▶ **Input material**

*****

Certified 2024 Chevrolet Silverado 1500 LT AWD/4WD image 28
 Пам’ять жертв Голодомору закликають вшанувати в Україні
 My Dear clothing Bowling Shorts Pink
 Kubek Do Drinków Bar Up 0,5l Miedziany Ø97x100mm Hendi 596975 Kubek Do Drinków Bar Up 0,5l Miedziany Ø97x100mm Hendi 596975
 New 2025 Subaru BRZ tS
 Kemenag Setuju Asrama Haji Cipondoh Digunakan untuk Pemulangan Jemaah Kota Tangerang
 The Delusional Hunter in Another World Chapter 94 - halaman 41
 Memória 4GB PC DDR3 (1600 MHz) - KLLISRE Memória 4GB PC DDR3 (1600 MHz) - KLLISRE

*****

▶ **Directions for this task**
In the listing above, the line containing "My Dear clothing Bowling Shorts Pink" and all lines after it are to be restated word for word.

▶ **Exercise solution**
 My Dear clothing Bowling Shorts Pink
 Kubek Do Drinków Bar Up 0,5l Miedziany Ø97x100mm Hendi 596975 Kubek Do Drinków Bar Up 0,5l Miedziany Ø97x100mm Hendi 596975
 New 2025 Subaru BRZ tS
 Kemenag Setuju Asrama Haji Cipondoh Digunakan untuk Pemulangan Jemaah Kota Tangerang
 The Delusional Hunter in Another World Chapter 94 - halaman 41
 Memória 4GB PC DDR3 (1600 MHz) - KLLISRE Memória 4GB PC DDR3 (1600 MHz) - KLLISRE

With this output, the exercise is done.